They're all encoded into a single command buffer which is...and the single command buffer goes into a command queue.

So this is kind of what most applications will look like; multiple render to texture passes going into a command encoder on a frame boundary that's sent to the command queue.

I did a demo of the application.

[ Pause ]

Ok, I have it here.

So this is the upload of the first pass where we are rendering basically through that buffer from the perspective of the directional light.

And this is how our G-buffer is laid out.

On the top left we normally have RB to texture, but we're showing basically the combined image that is going to go to the screen when we're actually done with our entire rendering.

And there's a normal buffer, and a depth buffer, and a light accumulation buffer, 4 color buffers basically attached to a framebuffer and depth and stencil buffers as well.

This is the light accumulation; there's also the light accumulation pass.

And these are the visualization of the lights basically using light voluminous.

They're mapped onto the screen.

And finally this is the final image that goes to the display.

It looks a lot better on the device than on the presentation.

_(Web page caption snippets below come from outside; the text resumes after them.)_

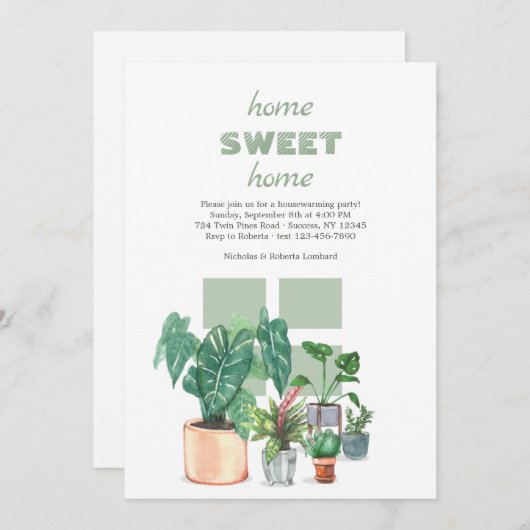 Planten Housewarming Kaart (Voorkant / Achterkant)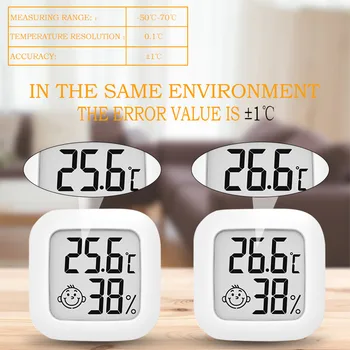 1 BUC Mini-Termometru de Interior Digital LCD Senzor de Temperatură și Umiditate Metru Termometru Higrometru Camera Ecartament Stație Meteo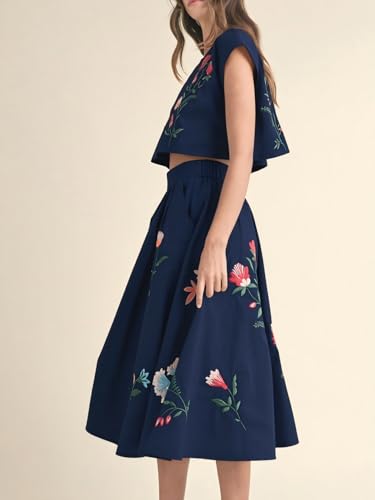 Image of Women Floral Embroidery Dress Sleeveless 2 Piece Tank Top and Skirt Loose Fit Boho Dress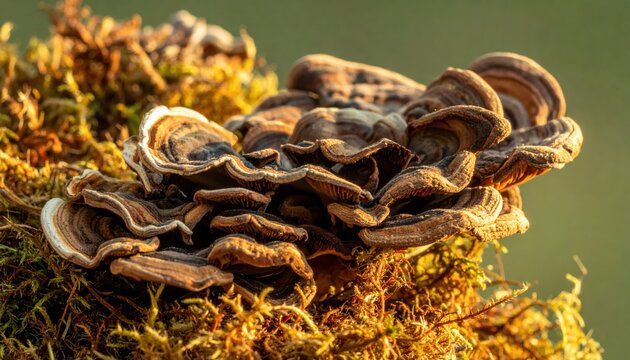 Cluster of dried wild bracket fungi growing on mossy wood, showcasing intricate layered textures and natural earthy tones.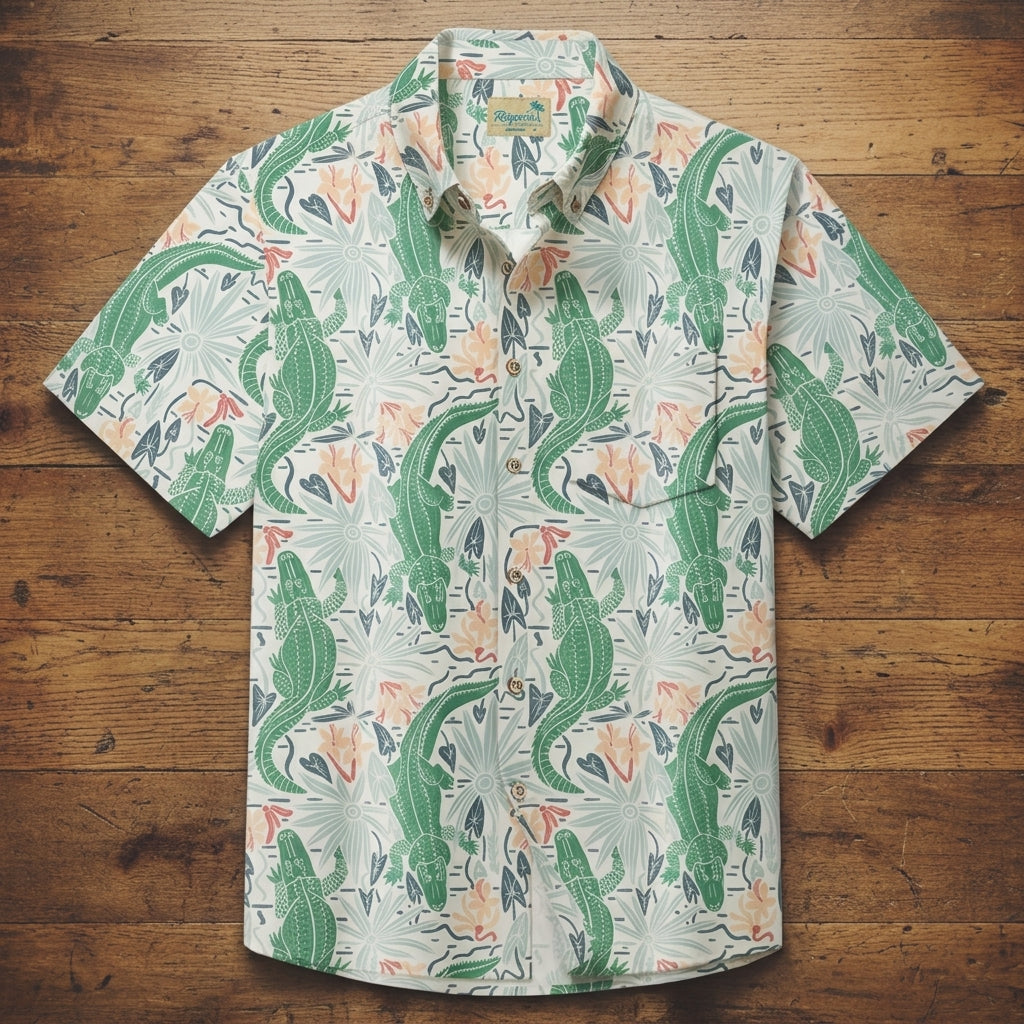 Palermo Alligator Print Shirt for Men - Soft Cotton Statement Shirt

Ok, let's go back to our presentation.

Ok, so how do we setup an application like this or more complicated ones that you have seen in the demos using Metal?

Just like Jeremy talked about in the first session and looked at the things what frequency things are done and moved the most heavy ones to the least frequently done stages.

An application has a lot of things that are done once and there are things that are done at low level times or streaming time, and there are things done every frame and in an application there are also things that are render to textures.

So we're going to look at each category and figure out what is done in these categories and figure out how to do those with Metal.

Let's start with the things that are done once.

Creating a device.

They are the only ones you queue on the system so you're going to get a GPU and are handled through the GPU, and creating a command queue on the GPU is only done once in most of the applications.

And Richard told you something about this; I'm not going to talk about that in this session.

There are things we do as needed.

For example; we know up front in all of our applications what our render to texture stages will be.

There are usually a set of render to texture passes, that are known up front for like an indoor environment or an outdoor environment and they might change if there's like [inaudible] included or something like that but most of them are up front.

You know as an application developer what your render to texture passes will be, in what order they're going to be done, and what kind of framebuffers that are going to be used with those.

So we can actually define...create the framebuffer textures for those passes and define what those textures are going to look like up front at once.

And at level load time we can download our assets including our meshes, textures and then basically our shaders and associated with those shaders to create pipeline objects, and the pipeline objects.

And of course we can create our uniform buffers up front as well.

These are the things that we do either at level load time at once or depending on if we're going to stream load or not, at other times as well but only as needed.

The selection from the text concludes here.